While it is unlikely that the core of the technology needed to produce artilects will be replicated, their existence did spark a number of advances in usage of analytical engines. Specifically, the fact that artilects natively spoke the "language" utilized in analytical engines led to the ability to issue primitive voice commands to analytical engines equipped with phonographs. Advances in this technology eventually led to being able to issue almost any standard command to a properly-equipped analytical engine simply by speaking to it. Such hardware is still designed to only understand Assembly, as it was found that the grammar and syntax of natural languages was simply too much for such technologies. Likewise, some analytical engines are also capable of replying verbally to commands, or otherwise relaying information in a verbal format. While the "voice" used for this is almost universally tinny and clearly not intelligent - and also subject to the limitations of only being able to communicate to the user in Assembly - this has made usage of analytical engines significantly easier on the populace at large, at least in regions where teaching Assembly is relatively common, though such machines tend to be rather expensive.

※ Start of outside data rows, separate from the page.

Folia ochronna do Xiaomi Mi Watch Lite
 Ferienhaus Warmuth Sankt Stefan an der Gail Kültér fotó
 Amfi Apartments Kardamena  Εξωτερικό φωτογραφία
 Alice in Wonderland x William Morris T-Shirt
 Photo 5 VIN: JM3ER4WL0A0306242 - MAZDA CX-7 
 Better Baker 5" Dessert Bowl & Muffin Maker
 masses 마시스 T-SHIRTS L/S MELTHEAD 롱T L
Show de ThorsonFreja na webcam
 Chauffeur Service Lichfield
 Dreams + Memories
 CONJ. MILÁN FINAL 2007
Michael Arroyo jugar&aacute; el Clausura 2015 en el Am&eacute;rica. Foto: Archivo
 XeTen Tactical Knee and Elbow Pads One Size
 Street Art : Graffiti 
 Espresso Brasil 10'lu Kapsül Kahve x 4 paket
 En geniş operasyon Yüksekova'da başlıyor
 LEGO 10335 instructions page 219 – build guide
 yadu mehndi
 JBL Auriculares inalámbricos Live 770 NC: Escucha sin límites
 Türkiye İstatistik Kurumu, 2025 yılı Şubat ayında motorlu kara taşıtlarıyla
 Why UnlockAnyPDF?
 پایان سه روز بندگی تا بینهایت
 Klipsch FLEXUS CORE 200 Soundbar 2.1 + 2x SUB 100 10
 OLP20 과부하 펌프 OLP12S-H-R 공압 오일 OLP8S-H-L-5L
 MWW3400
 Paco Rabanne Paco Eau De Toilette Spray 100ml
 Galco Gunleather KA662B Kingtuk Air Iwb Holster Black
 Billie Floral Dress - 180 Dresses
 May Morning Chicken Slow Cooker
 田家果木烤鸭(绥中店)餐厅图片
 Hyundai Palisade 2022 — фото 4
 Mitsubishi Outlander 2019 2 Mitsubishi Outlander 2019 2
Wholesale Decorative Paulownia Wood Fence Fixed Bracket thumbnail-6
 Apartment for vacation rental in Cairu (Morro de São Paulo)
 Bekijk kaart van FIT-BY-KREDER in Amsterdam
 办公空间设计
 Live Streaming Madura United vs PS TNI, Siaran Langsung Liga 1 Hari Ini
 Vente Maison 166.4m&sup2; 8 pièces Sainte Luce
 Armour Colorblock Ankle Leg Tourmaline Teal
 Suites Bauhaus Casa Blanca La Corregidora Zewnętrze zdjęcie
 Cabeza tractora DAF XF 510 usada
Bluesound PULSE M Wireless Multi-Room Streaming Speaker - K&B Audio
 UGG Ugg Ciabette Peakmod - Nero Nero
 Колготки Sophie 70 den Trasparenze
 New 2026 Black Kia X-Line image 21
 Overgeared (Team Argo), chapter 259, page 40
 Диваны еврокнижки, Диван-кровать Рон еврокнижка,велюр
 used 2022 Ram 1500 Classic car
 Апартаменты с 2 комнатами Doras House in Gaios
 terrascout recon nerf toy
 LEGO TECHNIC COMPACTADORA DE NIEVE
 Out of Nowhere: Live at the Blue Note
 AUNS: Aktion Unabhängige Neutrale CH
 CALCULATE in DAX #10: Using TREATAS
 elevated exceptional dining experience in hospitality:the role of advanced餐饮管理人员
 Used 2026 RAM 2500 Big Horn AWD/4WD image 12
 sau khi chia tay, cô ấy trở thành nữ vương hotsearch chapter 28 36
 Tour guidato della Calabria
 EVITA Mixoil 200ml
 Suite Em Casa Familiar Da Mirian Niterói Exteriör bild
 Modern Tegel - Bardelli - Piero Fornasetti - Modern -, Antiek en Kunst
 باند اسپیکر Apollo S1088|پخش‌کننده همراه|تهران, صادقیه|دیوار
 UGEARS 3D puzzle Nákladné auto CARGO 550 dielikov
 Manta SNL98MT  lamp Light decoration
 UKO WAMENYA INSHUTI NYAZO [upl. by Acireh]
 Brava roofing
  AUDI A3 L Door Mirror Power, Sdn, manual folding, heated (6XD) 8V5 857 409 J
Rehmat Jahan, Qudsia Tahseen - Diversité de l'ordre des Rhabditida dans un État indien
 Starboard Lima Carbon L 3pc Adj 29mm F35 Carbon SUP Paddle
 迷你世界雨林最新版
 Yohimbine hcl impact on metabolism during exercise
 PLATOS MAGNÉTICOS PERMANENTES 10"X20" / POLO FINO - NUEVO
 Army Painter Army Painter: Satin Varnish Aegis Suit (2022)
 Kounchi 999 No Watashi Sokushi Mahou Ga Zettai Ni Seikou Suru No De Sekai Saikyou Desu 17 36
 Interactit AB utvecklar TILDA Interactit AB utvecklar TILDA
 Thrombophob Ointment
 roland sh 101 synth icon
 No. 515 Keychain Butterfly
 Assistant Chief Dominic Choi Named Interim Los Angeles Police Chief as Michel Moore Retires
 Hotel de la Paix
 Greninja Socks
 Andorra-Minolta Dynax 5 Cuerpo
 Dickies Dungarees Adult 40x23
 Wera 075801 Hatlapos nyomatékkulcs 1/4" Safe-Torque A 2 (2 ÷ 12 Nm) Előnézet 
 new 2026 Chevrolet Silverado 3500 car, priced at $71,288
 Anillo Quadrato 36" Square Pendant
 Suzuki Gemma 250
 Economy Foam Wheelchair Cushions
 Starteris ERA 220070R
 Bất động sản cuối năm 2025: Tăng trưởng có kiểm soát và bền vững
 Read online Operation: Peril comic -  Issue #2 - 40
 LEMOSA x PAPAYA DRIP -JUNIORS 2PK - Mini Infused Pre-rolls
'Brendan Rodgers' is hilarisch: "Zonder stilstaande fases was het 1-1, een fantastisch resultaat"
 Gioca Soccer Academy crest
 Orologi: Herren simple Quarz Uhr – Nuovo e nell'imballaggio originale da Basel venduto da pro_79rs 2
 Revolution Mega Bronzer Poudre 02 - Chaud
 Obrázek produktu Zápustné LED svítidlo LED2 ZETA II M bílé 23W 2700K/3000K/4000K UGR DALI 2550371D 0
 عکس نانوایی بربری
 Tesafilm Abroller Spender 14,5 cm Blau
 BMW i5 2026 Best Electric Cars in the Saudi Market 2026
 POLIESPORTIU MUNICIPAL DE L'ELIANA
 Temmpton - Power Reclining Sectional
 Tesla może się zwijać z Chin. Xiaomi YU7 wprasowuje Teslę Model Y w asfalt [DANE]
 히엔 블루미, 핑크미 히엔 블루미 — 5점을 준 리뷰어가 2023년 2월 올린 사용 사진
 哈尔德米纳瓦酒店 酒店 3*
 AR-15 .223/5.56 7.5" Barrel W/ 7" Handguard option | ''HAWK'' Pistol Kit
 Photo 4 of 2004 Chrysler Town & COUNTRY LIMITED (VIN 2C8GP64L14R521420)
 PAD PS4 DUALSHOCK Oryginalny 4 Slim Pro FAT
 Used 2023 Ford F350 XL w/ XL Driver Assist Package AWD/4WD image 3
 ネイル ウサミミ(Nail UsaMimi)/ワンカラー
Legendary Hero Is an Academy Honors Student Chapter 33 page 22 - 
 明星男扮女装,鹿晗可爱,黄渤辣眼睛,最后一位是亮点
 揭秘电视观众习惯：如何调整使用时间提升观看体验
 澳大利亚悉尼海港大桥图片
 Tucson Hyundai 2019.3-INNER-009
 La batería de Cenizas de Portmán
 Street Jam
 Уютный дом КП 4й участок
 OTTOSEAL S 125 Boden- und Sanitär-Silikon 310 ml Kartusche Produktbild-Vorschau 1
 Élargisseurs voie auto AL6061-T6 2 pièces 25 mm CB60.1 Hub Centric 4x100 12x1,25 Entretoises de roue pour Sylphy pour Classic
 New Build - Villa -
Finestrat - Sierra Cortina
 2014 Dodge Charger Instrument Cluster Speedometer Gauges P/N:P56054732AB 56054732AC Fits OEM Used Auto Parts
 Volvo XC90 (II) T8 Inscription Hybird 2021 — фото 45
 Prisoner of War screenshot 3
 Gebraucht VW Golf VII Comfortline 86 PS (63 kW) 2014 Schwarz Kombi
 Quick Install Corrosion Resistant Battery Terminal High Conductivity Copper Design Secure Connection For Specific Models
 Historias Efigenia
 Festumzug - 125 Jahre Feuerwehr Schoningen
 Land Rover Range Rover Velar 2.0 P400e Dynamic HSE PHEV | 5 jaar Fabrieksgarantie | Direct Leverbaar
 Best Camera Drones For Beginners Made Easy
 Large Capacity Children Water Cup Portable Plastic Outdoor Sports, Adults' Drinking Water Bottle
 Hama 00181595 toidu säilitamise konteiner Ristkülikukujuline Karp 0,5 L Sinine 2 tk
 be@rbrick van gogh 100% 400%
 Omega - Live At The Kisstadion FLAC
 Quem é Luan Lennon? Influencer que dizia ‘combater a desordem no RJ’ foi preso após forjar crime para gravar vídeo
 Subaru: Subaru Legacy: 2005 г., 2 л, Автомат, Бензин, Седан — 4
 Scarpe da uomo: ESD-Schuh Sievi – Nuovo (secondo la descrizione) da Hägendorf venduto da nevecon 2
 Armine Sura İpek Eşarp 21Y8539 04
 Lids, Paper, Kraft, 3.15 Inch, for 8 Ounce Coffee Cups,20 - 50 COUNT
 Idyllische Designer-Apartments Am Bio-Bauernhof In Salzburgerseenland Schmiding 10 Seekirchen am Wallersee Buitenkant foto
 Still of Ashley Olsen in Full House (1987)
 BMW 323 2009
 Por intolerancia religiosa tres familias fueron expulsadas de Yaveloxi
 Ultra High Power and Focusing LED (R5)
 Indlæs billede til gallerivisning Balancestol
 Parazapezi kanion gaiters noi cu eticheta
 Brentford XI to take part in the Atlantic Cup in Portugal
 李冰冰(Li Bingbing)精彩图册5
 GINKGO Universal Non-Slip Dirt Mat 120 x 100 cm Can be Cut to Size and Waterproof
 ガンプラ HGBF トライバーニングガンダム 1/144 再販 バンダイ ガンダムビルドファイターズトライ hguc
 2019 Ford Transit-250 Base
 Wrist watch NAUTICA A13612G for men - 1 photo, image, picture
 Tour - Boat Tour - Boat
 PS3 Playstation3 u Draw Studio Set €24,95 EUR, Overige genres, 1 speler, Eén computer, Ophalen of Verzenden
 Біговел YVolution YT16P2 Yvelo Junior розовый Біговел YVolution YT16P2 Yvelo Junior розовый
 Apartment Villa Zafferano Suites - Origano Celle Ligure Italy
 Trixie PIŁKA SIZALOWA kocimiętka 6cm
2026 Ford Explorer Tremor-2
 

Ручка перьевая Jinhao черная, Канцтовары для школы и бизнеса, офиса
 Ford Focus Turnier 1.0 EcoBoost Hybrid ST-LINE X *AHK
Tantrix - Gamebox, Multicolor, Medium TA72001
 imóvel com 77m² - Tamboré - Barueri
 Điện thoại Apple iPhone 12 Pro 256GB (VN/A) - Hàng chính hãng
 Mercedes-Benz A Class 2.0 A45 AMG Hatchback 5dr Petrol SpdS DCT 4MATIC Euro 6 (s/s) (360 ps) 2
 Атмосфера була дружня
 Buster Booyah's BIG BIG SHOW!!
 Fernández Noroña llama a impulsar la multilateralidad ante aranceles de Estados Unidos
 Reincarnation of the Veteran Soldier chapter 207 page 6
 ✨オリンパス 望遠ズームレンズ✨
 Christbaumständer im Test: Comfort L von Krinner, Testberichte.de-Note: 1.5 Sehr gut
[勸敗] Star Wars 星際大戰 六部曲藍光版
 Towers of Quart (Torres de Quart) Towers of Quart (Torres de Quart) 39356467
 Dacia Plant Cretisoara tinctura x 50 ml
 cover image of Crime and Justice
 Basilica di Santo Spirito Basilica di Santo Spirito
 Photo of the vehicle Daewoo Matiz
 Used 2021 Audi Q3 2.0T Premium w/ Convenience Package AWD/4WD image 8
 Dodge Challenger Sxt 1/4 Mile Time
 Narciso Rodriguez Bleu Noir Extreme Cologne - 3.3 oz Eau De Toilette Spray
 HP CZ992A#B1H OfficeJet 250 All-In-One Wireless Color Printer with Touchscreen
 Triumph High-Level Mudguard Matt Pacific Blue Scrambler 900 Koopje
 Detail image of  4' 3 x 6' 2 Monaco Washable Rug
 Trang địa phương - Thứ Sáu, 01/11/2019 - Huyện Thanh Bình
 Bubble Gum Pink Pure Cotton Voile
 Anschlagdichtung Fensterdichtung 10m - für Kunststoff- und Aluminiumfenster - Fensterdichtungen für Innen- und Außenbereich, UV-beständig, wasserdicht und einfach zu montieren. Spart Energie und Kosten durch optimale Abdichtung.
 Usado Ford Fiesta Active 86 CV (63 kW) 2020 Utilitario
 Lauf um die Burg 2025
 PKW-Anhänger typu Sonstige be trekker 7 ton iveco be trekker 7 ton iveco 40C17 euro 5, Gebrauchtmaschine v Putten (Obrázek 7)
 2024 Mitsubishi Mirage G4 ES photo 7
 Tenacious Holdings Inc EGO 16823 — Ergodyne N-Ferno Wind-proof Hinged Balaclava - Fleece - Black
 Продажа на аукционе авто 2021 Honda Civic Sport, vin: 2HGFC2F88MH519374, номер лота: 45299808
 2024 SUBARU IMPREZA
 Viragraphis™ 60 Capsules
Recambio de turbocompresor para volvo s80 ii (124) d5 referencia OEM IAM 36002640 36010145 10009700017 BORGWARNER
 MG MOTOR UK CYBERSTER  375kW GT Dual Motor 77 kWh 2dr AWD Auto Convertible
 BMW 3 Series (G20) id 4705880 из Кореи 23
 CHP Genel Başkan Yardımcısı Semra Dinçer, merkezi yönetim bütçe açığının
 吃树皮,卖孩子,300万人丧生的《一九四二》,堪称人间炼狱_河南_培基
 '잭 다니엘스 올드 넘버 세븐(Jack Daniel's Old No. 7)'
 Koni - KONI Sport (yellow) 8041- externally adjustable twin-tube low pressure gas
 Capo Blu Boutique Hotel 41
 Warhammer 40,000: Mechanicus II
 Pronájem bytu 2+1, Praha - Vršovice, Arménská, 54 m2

In 276 CR, the idea of using radio technology to allow two analytical engines to share information was conceived. This idea rapidly resulted in the creation of the Analytical Network: throughout some parts of the world, massive analytical engines were constructed alongside radio towers, serving as nodes to which a user could tune their radio-enabled analytical engines to, allowing for much broader communication and also solving the resonance problem. The Analytical Network, or "ananet" as it has come to be called, has become a valuable information-sharing resource for those regions that can access it.
Since the Omega Event, several Arkeyan ruins have surfaced that have Arkeyan analytical engines that have survived and continue to function, though most discovered are practically immobile due to their sheer size and bulk, and most seem to be malfunctioning in some fashion.
The Omega Event also impacted the future of analytical engines. Evidence from future timelines suggested that, at some point, analytical engines would become electrical, with digitization happening at some point. While that future will now never come to pass - the "playing out" of the actual Omega Event disrupted the future sufficiently to ensure that the timeline is now along a different path - some examples of technology from that lost future were still in the present. Research and experimentation with these small hints have led some to believe that the cause of this digitization was not due to advances in Trinity, but instead were the result of uncovering or encountering truly alien technology.
While this "electrification" of analytical engines is a slow process and only began in 13 AO, many believe that it will result in analytical engines capable of even greater processing speeds and larger data storage. However, given that by this point there had been over two hundred years' worth of development and refinement on existing technologies, it seems unlikely that this process will take root and supplant the already-existing analytical engines. Instead, most modern focus on analytical engines in the post-Omega world are interested in attempting to miniaturize the engine, along with a typewriter and pin panel, into a device fully integrated with its peripherals that can also be carried easily by a single person.